Auch wenn es Geschmacksache bleibt: für mich war die Optik dieser E-Geige der eigentliche Kaufanreiz. Youtubepräsentationen fand ich klanglich nicht überzeugend. Aber E-Geigen sind wahre Zicken, die brauchen so einiges an Fummelei, bis sie gut klingen. Und hier lässt sich gut fummeln, denn der Pickup schiebt massiv Leistung raus, zeichnet dabei auch die Obertöne gut auf und lässt sich mit einem geeigneten Preamp (> 1MOhm Eingangsimpedanz) fein für den EQ aufbereiten. Die Verarbeitung ist - für Geigenbauverhältnisse - ausbaufähig, geht für eine E-Geige der mittleren Preisklasse aber in Ordnung. Schulterstützen und Kinnhalter lassen sich aus dem Standardsortiment individualisieren - leider nicht selbstverständlich bei Yamaha. Die Geige kommt mit enspannten Saiten in der Pappbox an, der Steg liegt flach, ist über ein Kabel mit dem Korpus verbunden. Die Saitenlage ist nen ticken hoch, bin gespannt, ob ich einen Geigenbauer finde, der da direkt am Intrument dran feilen mag. Oder ich gewöhn mich dran, vermutlich ist das einfacher...

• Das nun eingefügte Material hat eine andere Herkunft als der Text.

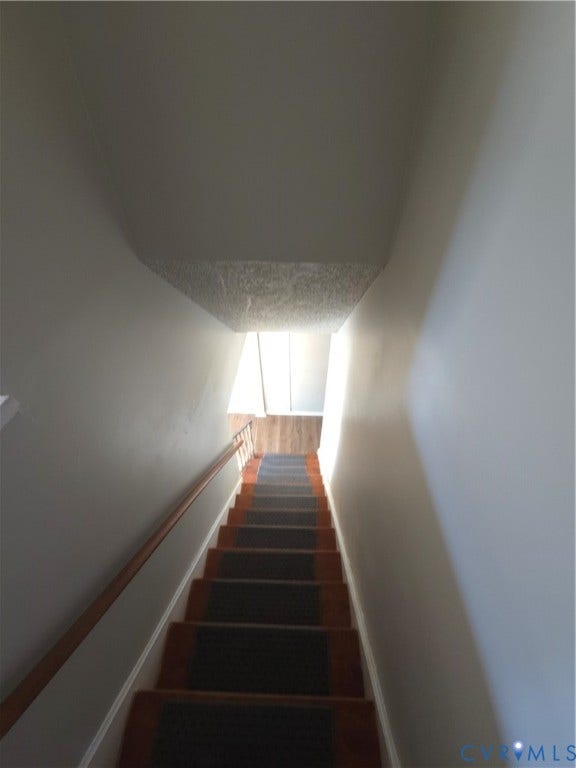 413 Adamson Street, Henrico, VA 23075 Staircase featuring wood-finish treads, central carpeted runners, and a wall-mounted wooden handrail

Der Hals ist "kräftig", wegen meiner eher kurzen Finger habe ich bisher immer mit schmaleren Hälsen gespielt. Aber auch das nehme ich als Herausforderung, denn die Geige bietet im Segment der E-Geigen einen Klang im oberen Drittel an. Sofern man den Steg sauber aufstellt, und dann ein wenig hin und her drückt, bis der Klang "satt" wird. Das braucht manchmal etwas Feingefühl, ist aber der "Dreh- und Angelpunkt" für den Klang der kleinen Japanerin. Das Lautstärkepoti lässt sich per Schalter überbrücken, kombiniert man diese beiden Optionen, so hat die Geige sogar einen Boost-Schalter.

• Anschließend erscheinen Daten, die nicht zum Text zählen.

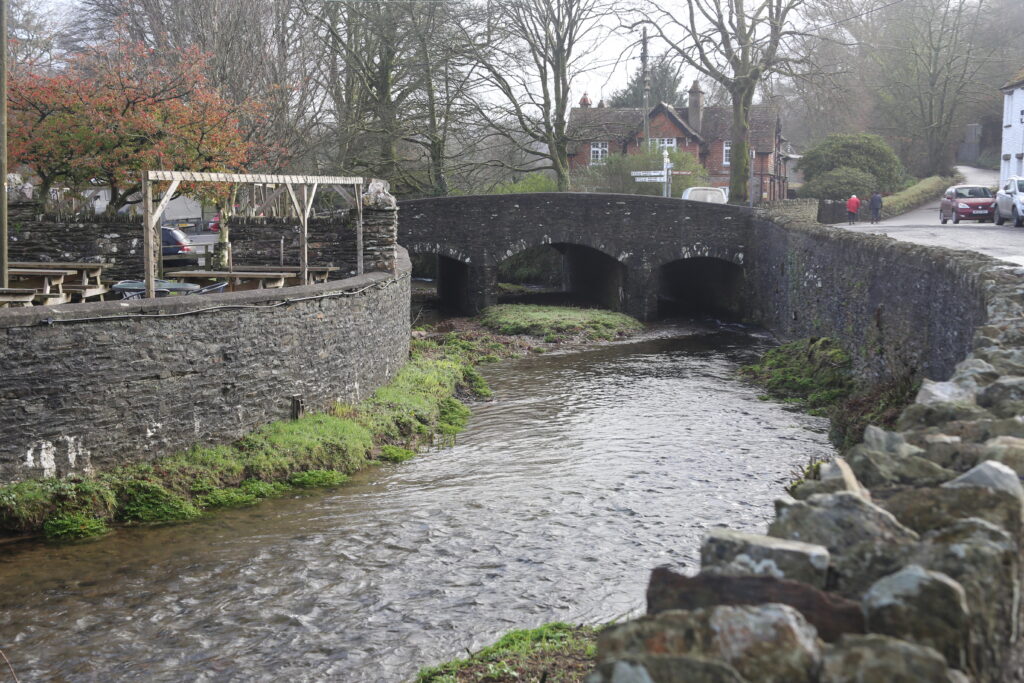 River bending under three arch bridge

Die YEV 104 präsentiert sich - anders als die Geigen der SV-Serie - als Bühneninstrument. Starke Optik, minimalistische Ausstattung, damit eine hohe Individualisierbarkeit, inbesondere beim Preamp sind wichtige Attribute. Ich persönlich hätte die Klinkenbuchse lieber näher an der Schulter, und auch lieber so, dass ein Kabel nach unten herausgerissen werden kann. Allerdings sitzt die Buchse perfekt für kleine Sendeanlagen, die dann optisch für das Publikum nicht mehr zu sehen sind. Dies ist meine dritte E-Geige, als Bühneninstrument steckt sie die olle SV-120 locker in die Tasche. Mit der "Alta E-VLN" liegt sie klanglich fast auf gleicher Höhe. Dafür brummt sie nicht und lässt auch keine Einstreuungen zu. Und sieht toll aus. Sie passt übrigens in übliche Geigenkoffer. Die "Zyxel" Saiten haben für Synthetiksaiten eine hohe Spannung, was aber auch dazu führt, dass die Geige sehr schnell anspricht und auch mit wenig Bogen viel Klang entfaltet.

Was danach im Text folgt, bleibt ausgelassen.